Input data:
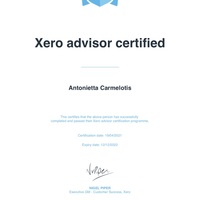 Xero Advisor Certified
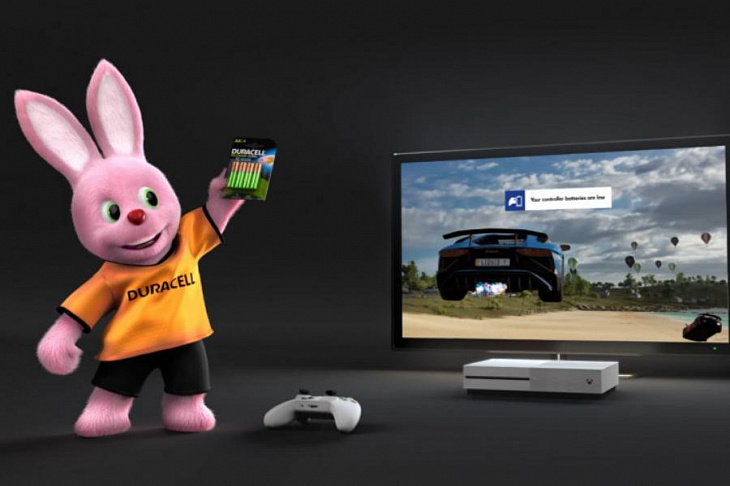 В геймпадах Xbox используют батарейки из-за 15-летнего партнёрства с Duracell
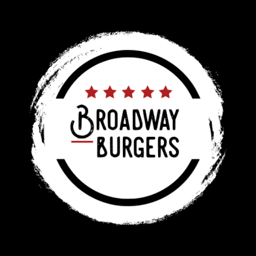 Broadway Burgers logo.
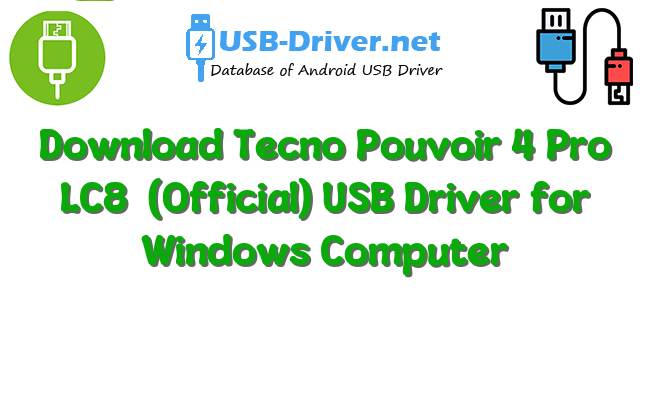 Tecno Pouvoir 4 Pro LC8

Work order:
Retype, word for word, only the line holding "В геймпадах Xbox" and the lines after it through the final line of the listing above, and leave every picture out.

Result of the task:
 В геймпадах Xbox используют батарейки из-за 15-летнего партнёрства с Duracell
 Broadway Burgers logo.
 Tecno Pouvoir 4 Pro LC8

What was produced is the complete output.